Work request >>
Please repeat exactly the lines below from the one containing "Lächelnde, nicht binäre" down to the one containing "Around the world", both included, and nothing else.

Extracted information >>
····················

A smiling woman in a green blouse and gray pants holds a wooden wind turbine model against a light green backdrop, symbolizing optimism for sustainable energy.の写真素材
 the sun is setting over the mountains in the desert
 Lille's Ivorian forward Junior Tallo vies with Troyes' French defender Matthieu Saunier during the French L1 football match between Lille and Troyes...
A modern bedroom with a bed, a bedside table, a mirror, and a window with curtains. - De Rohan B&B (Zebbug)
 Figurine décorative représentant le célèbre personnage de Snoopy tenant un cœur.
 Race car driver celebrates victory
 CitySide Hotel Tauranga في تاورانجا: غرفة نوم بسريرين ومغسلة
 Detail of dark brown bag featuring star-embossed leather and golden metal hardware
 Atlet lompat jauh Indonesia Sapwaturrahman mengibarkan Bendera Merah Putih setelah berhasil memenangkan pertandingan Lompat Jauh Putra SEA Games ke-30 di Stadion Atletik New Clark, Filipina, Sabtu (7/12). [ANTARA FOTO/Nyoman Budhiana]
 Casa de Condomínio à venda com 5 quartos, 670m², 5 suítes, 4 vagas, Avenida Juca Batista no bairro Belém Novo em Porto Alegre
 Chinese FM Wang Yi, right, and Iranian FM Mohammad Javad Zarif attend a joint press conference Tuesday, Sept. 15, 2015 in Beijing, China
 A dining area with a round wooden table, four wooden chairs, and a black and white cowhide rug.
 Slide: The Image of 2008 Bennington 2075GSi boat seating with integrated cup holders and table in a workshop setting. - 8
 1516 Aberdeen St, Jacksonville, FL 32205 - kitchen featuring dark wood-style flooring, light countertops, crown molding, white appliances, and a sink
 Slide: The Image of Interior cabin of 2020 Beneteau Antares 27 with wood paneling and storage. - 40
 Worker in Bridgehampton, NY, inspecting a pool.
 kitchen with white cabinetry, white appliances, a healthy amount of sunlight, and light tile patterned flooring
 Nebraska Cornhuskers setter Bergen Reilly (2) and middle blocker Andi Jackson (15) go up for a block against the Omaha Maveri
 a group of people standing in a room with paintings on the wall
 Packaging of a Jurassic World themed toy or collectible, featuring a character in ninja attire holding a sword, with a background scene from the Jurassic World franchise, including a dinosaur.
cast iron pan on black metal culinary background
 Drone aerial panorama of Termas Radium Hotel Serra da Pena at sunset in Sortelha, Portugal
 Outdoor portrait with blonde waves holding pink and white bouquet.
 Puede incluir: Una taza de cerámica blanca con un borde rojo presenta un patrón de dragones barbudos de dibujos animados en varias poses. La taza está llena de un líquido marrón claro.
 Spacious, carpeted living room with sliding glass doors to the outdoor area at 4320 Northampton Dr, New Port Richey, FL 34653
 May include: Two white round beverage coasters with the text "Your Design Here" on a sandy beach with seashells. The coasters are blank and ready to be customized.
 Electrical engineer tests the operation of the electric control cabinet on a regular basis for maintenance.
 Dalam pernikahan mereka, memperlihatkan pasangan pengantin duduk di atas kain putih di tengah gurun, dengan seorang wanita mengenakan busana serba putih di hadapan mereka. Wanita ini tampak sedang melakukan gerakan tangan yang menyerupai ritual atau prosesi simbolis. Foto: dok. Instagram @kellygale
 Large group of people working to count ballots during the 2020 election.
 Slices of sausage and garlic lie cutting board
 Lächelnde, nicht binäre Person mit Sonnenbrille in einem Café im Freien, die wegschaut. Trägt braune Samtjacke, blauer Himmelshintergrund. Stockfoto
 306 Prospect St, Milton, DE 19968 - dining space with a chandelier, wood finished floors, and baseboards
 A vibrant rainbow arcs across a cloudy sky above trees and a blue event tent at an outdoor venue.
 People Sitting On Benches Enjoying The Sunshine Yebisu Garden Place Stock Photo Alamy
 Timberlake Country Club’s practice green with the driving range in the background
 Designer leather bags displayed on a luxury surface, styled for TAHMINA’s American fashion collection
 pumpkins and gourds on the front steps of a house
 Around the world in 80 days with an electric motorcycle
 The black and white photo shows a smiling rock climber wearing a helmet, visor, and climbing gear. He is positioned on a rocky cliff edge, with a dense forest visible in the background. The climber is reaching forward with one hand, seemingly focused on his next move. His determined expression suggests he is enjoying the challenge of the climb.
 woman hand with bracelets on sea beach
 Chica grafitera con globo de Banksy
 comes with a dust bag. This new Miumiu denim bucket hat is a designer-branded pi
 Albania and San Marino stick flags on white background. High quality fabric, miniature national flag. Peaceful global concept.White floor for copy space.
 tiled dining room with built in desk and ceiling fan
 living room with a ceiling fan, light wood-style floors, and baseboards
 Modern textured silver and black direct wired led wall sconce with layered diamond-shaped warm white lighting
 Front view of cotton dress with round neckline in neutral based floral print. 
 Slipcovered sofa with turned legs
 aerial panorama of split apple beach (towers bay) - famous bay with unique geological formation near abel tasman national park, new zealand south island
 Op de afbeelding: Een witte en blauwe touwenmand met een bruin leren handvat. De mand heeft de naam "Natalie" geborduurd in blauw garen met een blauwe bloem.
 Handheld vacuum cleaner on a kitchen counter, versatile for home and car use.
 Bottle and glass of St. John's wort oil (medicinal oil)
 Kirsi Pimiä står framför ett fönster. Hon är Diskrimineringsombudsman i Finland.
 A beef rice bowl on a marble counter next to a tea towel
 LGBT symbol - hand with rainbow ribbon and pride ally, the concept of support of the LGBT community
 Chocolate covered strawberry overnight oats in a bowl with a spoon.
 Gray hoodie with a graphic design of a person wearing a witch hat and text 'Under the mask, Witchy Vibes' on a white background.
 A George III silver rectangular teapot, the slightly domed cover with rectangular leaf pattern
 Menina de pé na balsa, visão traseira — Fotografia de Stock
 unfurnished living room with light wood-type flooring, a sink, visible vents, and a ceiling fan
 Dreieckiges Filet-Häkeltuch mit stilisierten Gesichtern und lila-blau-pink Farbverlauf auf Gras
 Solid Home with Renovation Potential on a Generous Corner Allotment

····················

Completed task >>
 Lächelnde, nicht binäre Person mit Sonnenbrille in einem Café im Freien, die wegschaut. Trägt braune Samtjacke, blauer Himmelshintergrund. Stockfoto
 306 Prospect St, Milton, DE 19968 - dining space with a chandelier, wood finished floors, and baseboards
 A vibrant rainbow arcs across a cloudy sky above trees and a blue event tent at an outdoor venue.
 People Sitting On Benches Enjoying The Sunshine Yebisu Garden Place Stock Photo Alamy
 Timberlake Country Club’s practice green with the driving range in the background
 Designer leather bags displayed on a luxury surface, styled for TAHMINA’s American fashion collection
 pumpkins and gourds on the front steps of a house
 Around the world in 80 days with an electric motorcycle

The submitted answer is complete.